Kanerva's "Dollar of Mexico" analogy in SPA

simondlevy · November 21, 2018, 6:37am

For the final assignment in my current neural nets class, I’m asking the students to implement Kanerva’s Dollar of Mexico analogy example in nengo_spa. I’ve attached the relevant section of the article as a screenshot.
Screenshot%20from%202018-11-21%2001-32-30

Although we got it working with Gayler’s Multiply-Add-Permute flavor of binding, I’m having trouble getting good results using the nengo_spa code below. Any pro tips?

import matplotlib.pyplot as plt
import nengo
import nengo_spa as spa
import numpy as np

d = 32

with spa.Network() as model:

    # Maybe this will help?
    model.config[spa.State].neurons_per_dimension = 200

    fum =  spa.Transcode('(NAM*USA + CAP*WDC + MON*DOL) * (NAM*MEX + CAP*MXC + MON*PES)', output_vocab=d)

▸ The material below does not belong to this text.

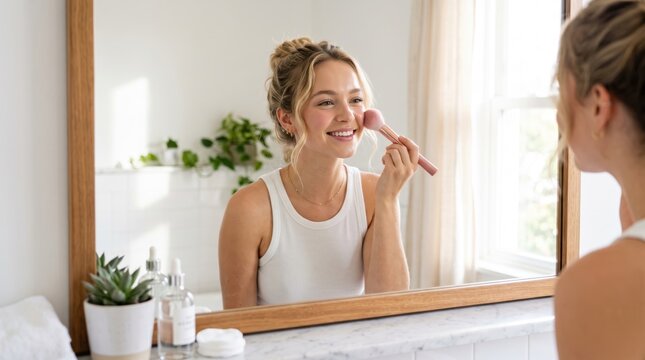 Young woman applying makeup with brush while looking in mirror in bright bathroom. Happy caucasian girl doing beauty routine at home with skincare products on counter.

    query = spa.Transcode('DOL', output_vocab=d)

    result = spa.State(vocab=d)

    fum * ~query >> result

    p = nengo.Probe(result.output, synapse=0.01)

with nengo.Simulator(model) as sim:

    sim.run(0.5)

plt.plot(sim.trange(), spa.similarity(sim.data[p], result.vocab))
plt.xlabel("Time [s]")
plt.ylabel("Similarity")
plt.legend(result.vocab, loc='best')
plt.show()

arvoelke · November 21, 2018, 6:31pm

I believe the fundamental issue is the above vector algebra assumes that each vector is its own inverse (i.e., v == ~v, or v * v == 1, where 1 is the identity vector).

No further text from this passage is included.